Zabieg powinien być nie tylko skuteczny, ale i bezpieczny dla chronionej rośliny. Uważa się, że tolerancja rośliny uprawnej na herbicydy doglebowe jest mniejsza niż na nalistne. Zastosowany herbicyd nie może wejść w kontakt z nasionami uprawianej rośliny, ponieważ może uszkodzić wschodzące siewki. W efekcie następuje przerzedzenie lub opóźnienie wschodów, co finalnie przekłada się na straty w plonie. W przypadku pól zbyt płytko obsianych bezpieczniej jest poczekać z zabiegiem aż do wschodów rośliny uprawnej.
Równie ważne jest staranne doprawienie gleby, tak aby w jak najmniejszym stopniu pozbawiona była większych grud, co przyczynia się do nierównomiernego rozprowadzenia środka na jej powierzchni.
Opryski nalistne są dużo łatwiejsze w realizacji chociażby z tego względu, że chwasty są już widoczne na polu, co znacznie ułatwia wybór herbicydu. W tym celu, przed zabiegiem należy wykonać lustrację pola, w celu identyfikacji gatunków chwastów tam występujących i oszacowania ich liczebności. Poprawne rozpoznanie chwastów jakie występują na polu decyduje o trafnym wyborze środka chwastobójczego. Jeśli chcemy wykonać zabieg krótko po wschodach (w fazie 1-3 liści), musimy liczyć się z tym, że na tym etapie, wiele gatunków chwastów może znajdować się w fazie liścieni (do pierwszej pary liści właściwych), w związku z czym ich rozpoznanie może być nieco utrudnione. Jeśli mamy wątpliwości czy dobrze rozpoznaliśmy gatunek, dobrze jest posłużyć się atlasem chwastów pozwalającym rozpoznać chwasty na bardzo wczesnym etapie rozwoju lub skorzystać z fachowego doradztwa.

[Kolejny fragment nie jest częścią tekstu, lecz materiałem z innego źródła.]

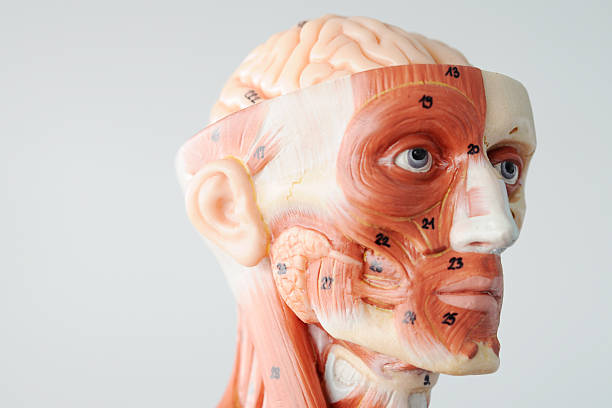 istock facial muscle anatomy 530734361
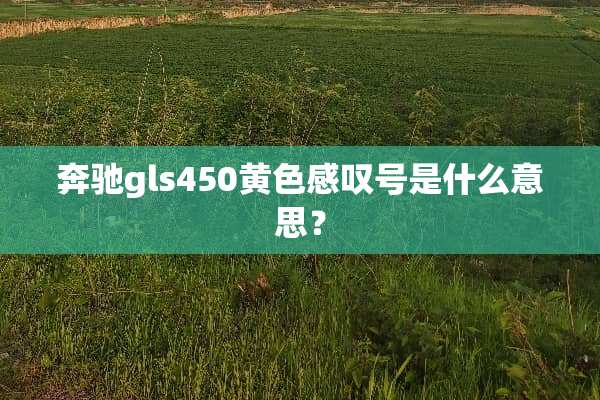 奔驰gls450**感叹号是什么意思？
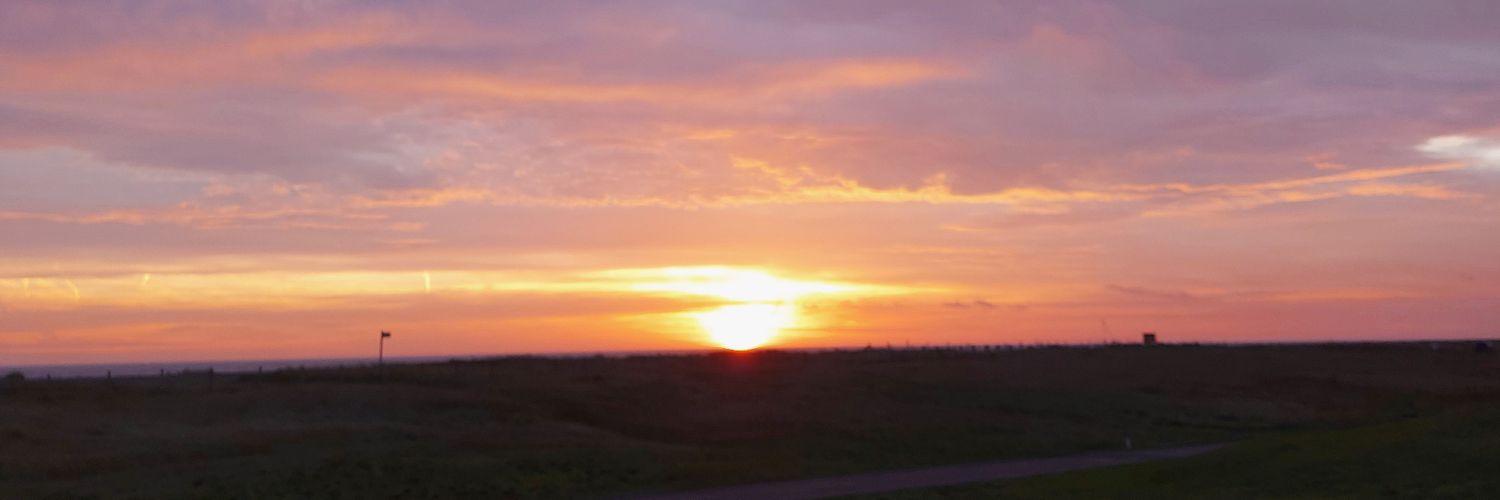 tracylovescake's profile banner image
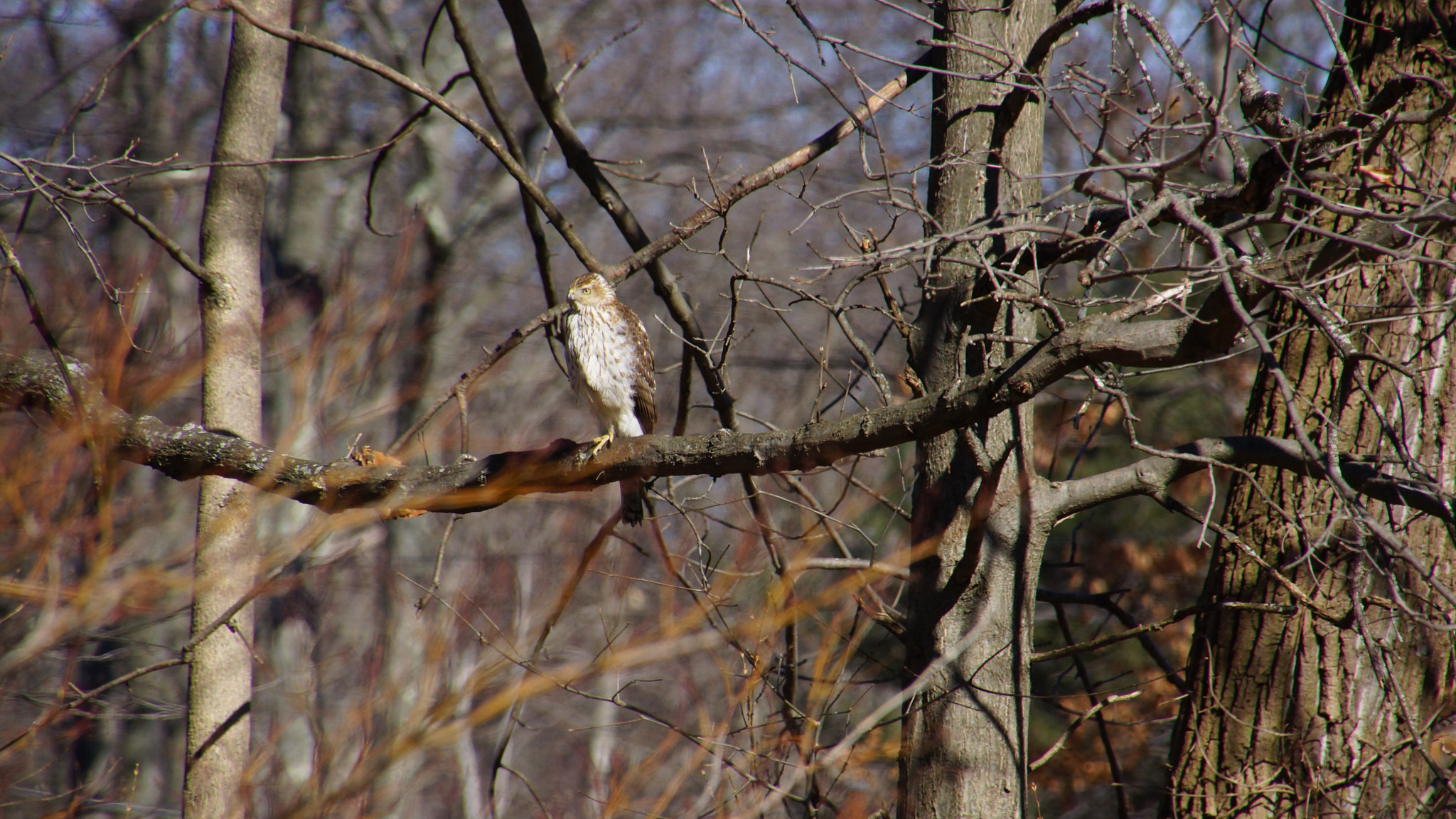 Tamron 16-300mm F3.5-6.3 Di II VC PZD Macro sample photo. Hunter at rest photography
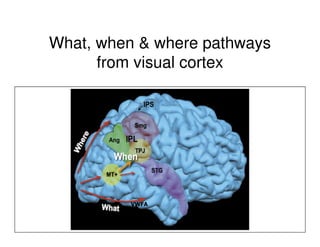 What, when & where pathways
from visual cortex
VWFA
 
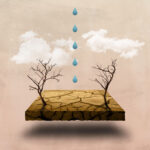 Đức Giê-su Ki-tô, Đường Ân Sủng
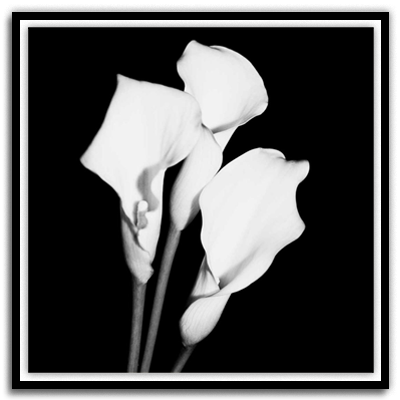 Calla Portrait II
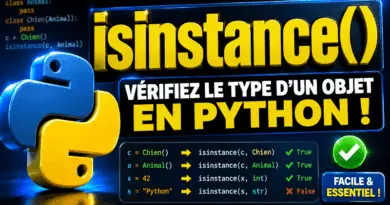 fonction-isinstance-python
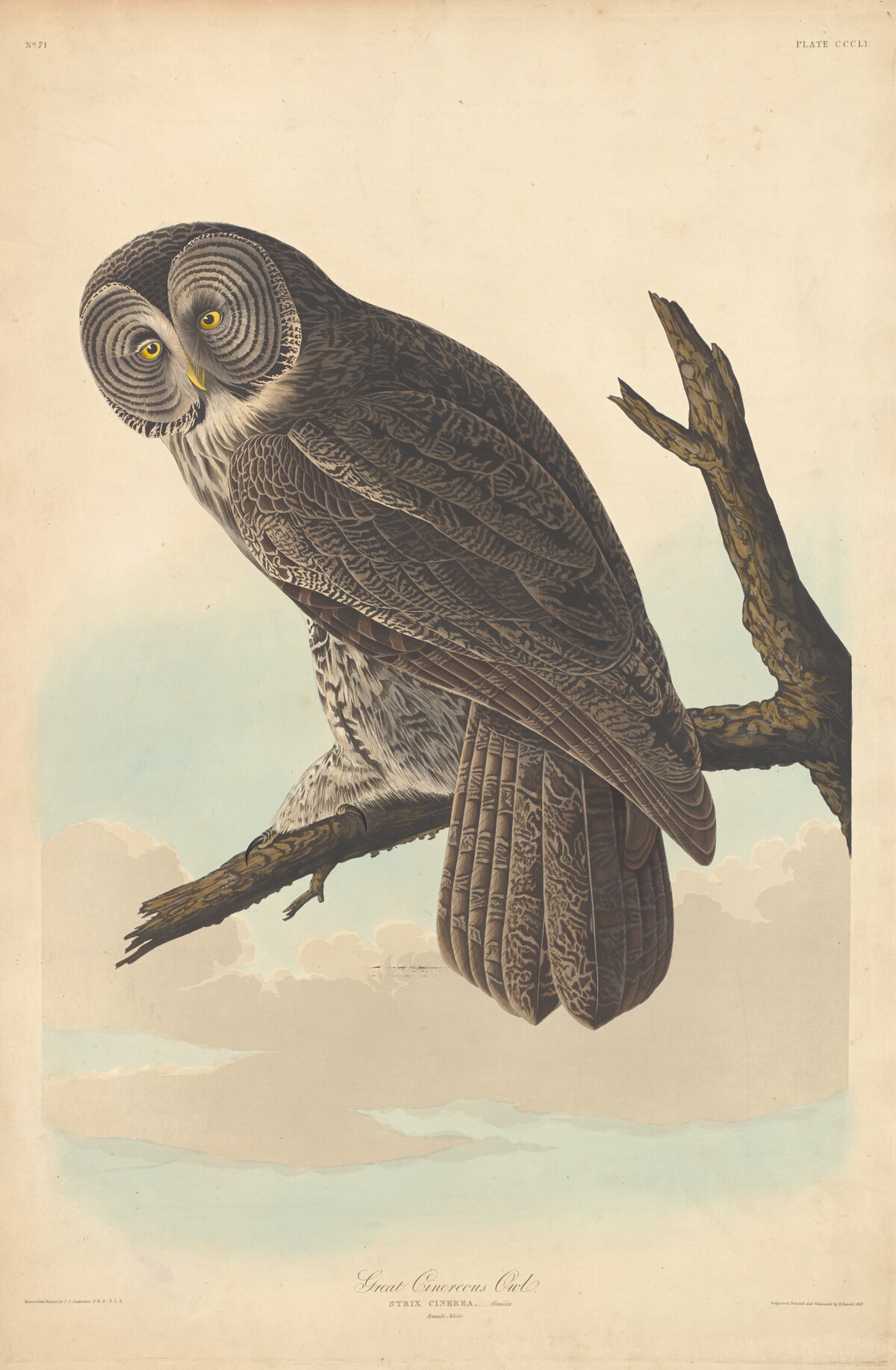 Great Cinereous Owl by Robert Havell after John James Audubon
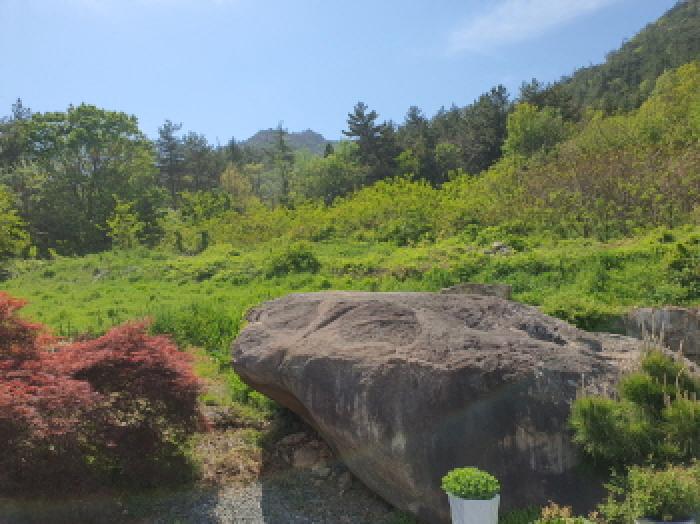 물건 사진 9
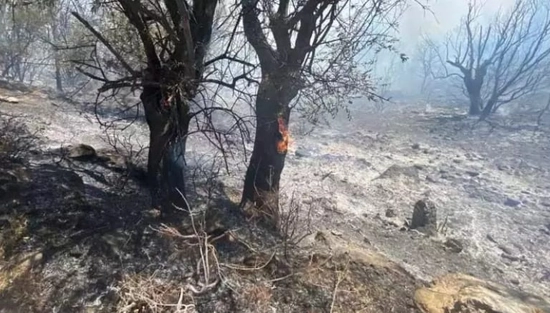 İzmir Seferihisar'da Orman Yangını: Havadan ve Karadan Müdahale Devam Ediyor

Opryski powschodowe posiadają tę zaletę, że można je wykonać w szerokim przedziale czasowym, tj. od wschodów rośliny uprawnej aż do ustania jesiennej wegetacji. Istnieje więc duża elastyczność w doborze terminu, co ułatwia organizację prac w gospodarstwie. Łatwiej wtedy wstrzelić się w zmienne warunki pogodowe i zastosować herbicyd gdy będą najbardziej sprzyjające jego działaniu. Oprysku nie należy planować przed spodziewanym deszczem, ponieważ powoduje on zmycie herbicydu z blaszek liściowych, a tym samym obniży skuteczność zabiegu. Lepiej jest przesunąć zabieg na późniejszy termin niż ryzykować słabym zniszczeniem chwastów.
Umiarkowany deszcz występujący w czasie jesiennej wegetacji wpływa korzystnie na działanie herbicydów, ponieważ zwiększa zapas wody w glebie zapewniając jej dobre uwilgotnienie. Niektóre herbicydy stosowane nalistnie mogą przez jakiś czas (np. diflufenikan do 8 tygodni po oprysku) zalegać w górnej warstwie gleby i niszczyć chwasty. Aby mogły działać skutecznie, potrzebują odpowiednio wilgotnej gleby.